For the past nearly 30 years I have dedicated my career to trying to understand how to move people from passivity to doing something they wouldn’t normally do: give their money to someone else. I have specialized in the early stages of giving because, to me, it holds the greatest challenge and mystery.
When I first started as a student caller at my alma mater in 1997, I was learning how to fundraise like a line worker at a factory: make the call, ask these questions in this order, ask for money at these fixed levels, and follow the structure.
Now, here is the secret I have held for many years—I wasn’t a very good fundraiser. I was a very good line worker. Many of my peers were better than I was, mostly because they were more comfortable varying from the structure and having authentic conversations.
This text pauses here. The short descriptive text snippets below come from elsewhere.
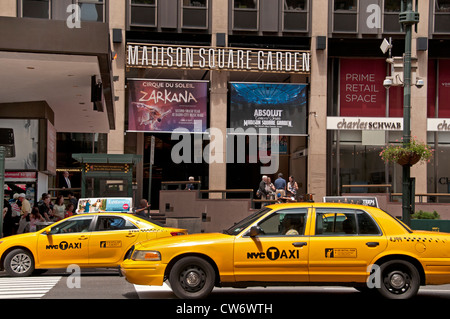 Der Eingang zur Pennsylvania Station und Madison Square Garden in New York 7 th Avenue Stockfoto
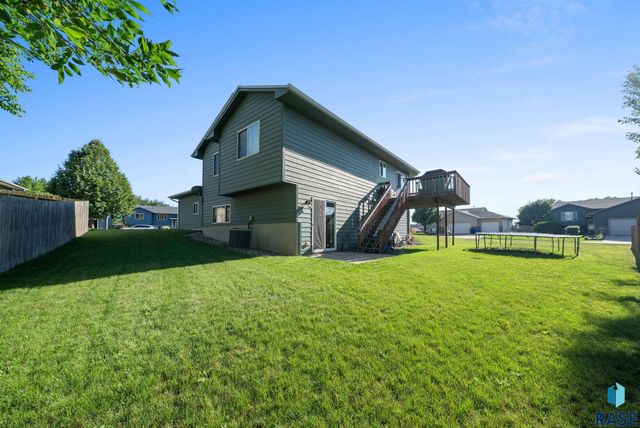 8000 W Eli Ct, Sioux Falls, SD 57106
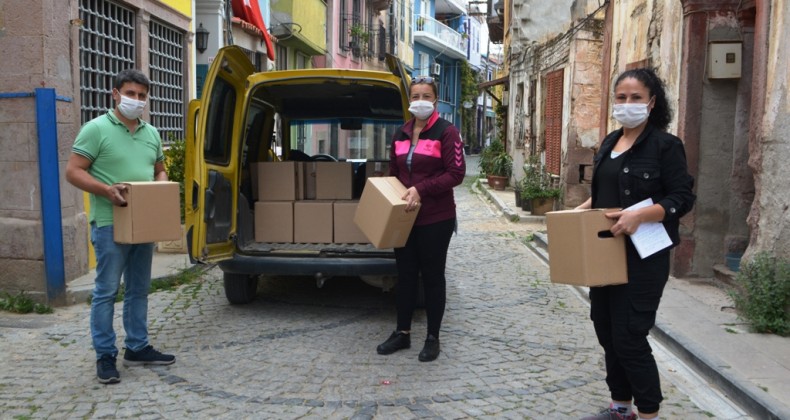 Ayvalık’ta AK Gençlik ve AK kadınlar yoksulun yanında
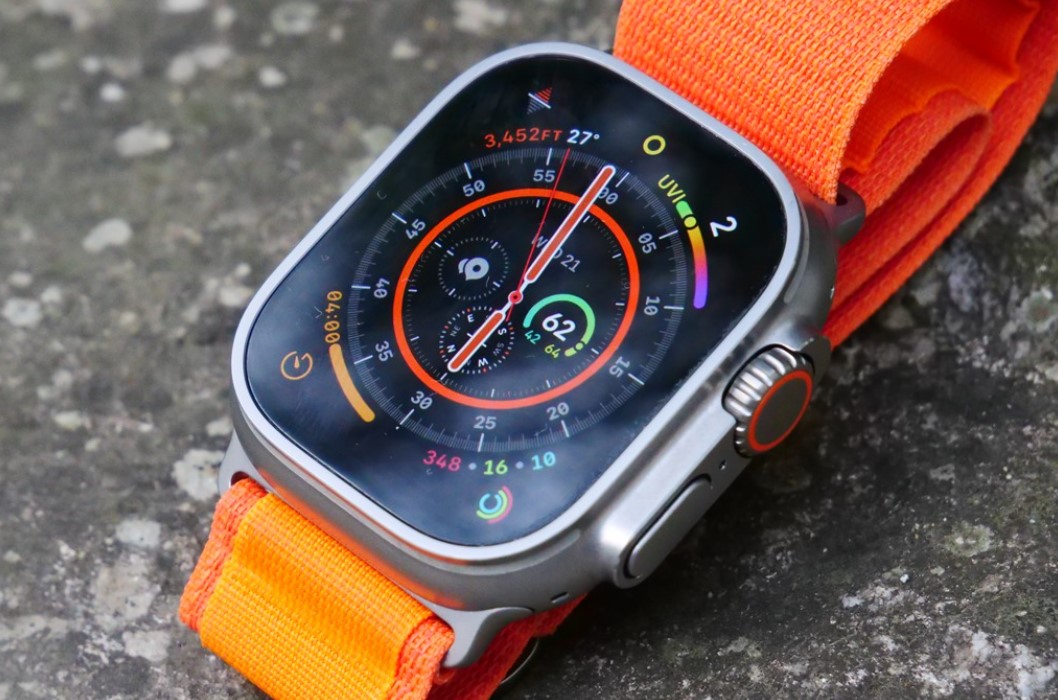Watch ultra сравнение. Apple watch Ultra. Комплектация IWATCH Ultra. Apple watch Ultra 2 2023. IWATCH Ultra 2 гранж.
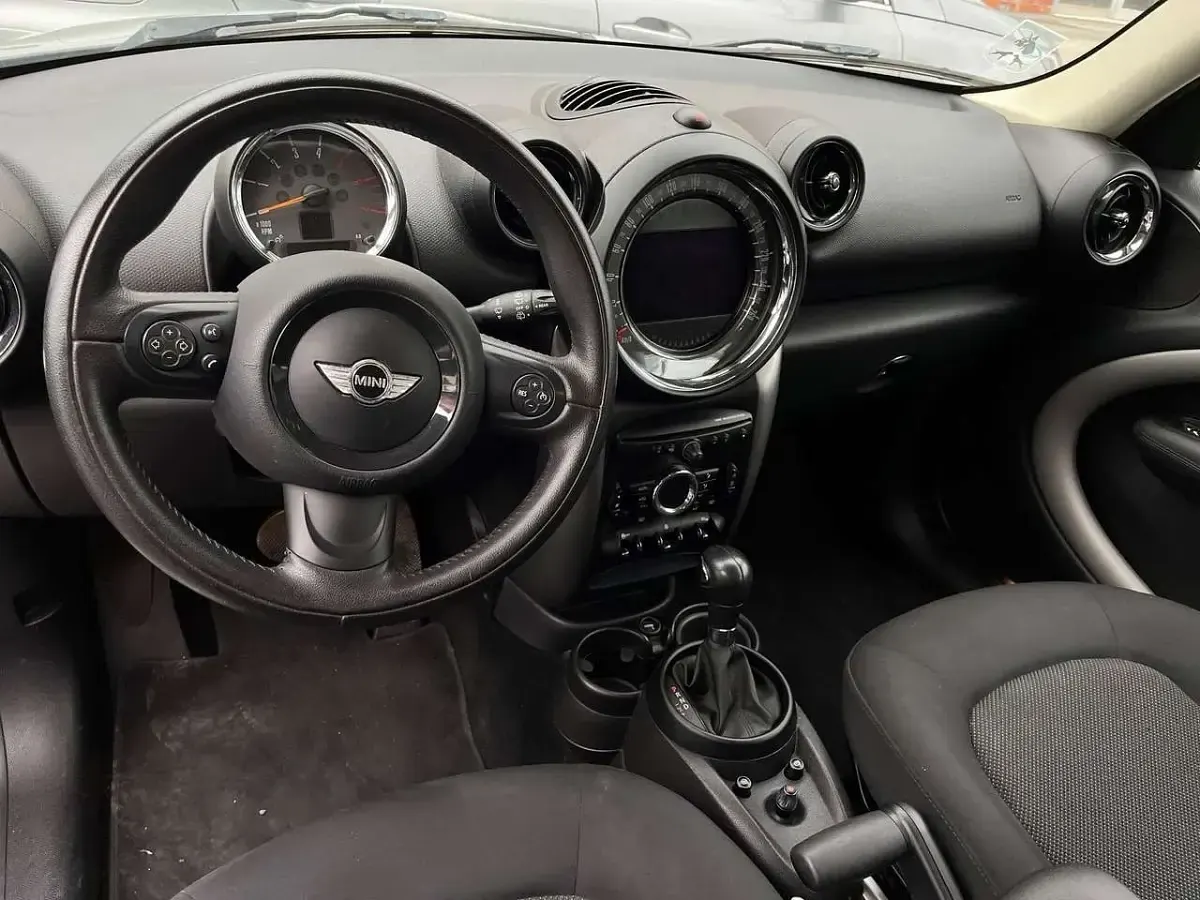 Usata Mini Cooper D Countryman Business 111 CV (81 kW) 2016 Verde SUV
This commitment to the process has served me well for many years. However, embedded in my student caller roots is this idea that we are in a volume business. For nearly three decades, I have been in that volume business: we secure a donor’s gift at the lowest cost point possible. Throughout my experiences, though, I have always worked to bring greater science to the art of fundraising—to shift, in some way, the equilibrium and bring the framework of efficiency to balance the relational art of our work.
Today, I have become concerned that the very nature of what makes me good at this work may be a part of what is wrong with this space. In our pursuit of annual effectiveness, have we created a generation of indifferent alumni?